The New York Critic: Reviews

That Day-to-Day Life Masks

Flamenco is a folk art from Spain - specifically, from the province of Andalusia. It developed in the mix of cultures that Spain hosted in the 16th century. It has been traditionally the expression of the myriad forms of cultural and economic oppression. It's a form made up of singing, dance, and guitar. There are hundred of palos (flamenco forms), each with its own rhythm, chords and mood. Today it still expresses a timeless intensity that stuns us with raw emotion.

Noche Flamenca, the cuadro (flamenco company) that appeared recently at The New York Shakespeare Festival's Public Theatre, presented us with all three flamenco elements, in the persons of six of its members - two male singers, two male guitarists, and two dancers.

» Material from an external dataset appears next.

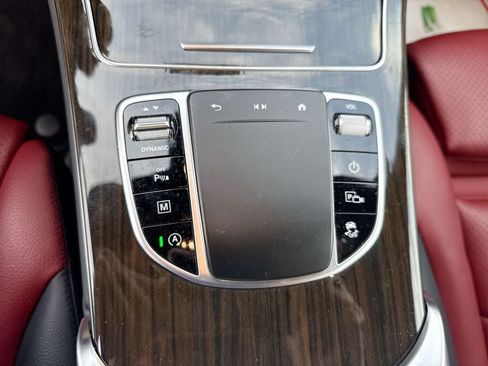 Used 2022 Mercedes-Benz GLC 300 image 11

From the act's opening, with a guitarist and a singer, it's clear that the company is concerned with a controlled passion. The singer's throaty wail is the vocal equivalent of a tornado. Then, Alejandro Granados dances. His macho dance is athletic to the point of being pugilistic, with the forcefulness of a martial art, but without assault.

The centerpiece of the company is Soledad Barrio, its brilliant lead dancer. Her face itself a reflection of life: she looks stunned, as if she's just learned how hard life is, and disdainful, as if no one suffers as much as she does. She stands still at first, and then moves slowly, as if determining if the space is acceptable. Then she throws herself into the compás (rhythm) of the section, lifting her skirt hem or arching her back, or throwing her arms up and executing precise finger movements that suggest Indian forms. In her red shawl or her maroon dress, she's as commanding as a colossus.

And of course there is always in flamenco dance the unmistakable, rhythmic click of the tacon (heel).

The dancers are usually accompanied by palmas (hand-clapping) in one of the complex palos that they have at their disposal. Sometimes all the company members sing. At one point, the singers stood so close to Srta. Barrio, and related to her so carefully, that they took all on the quality a single performer, as if the dancer had split into three persons. The one-hour performance leaves us with a sense of catharsis and closure. Small wonder that the audience was shouting "Olé".

The flamenco is a performance of mythical proportions, with a power and severity that challenge the audience's capacity to accept it. It reminds us of the passions that day-to-day life masks.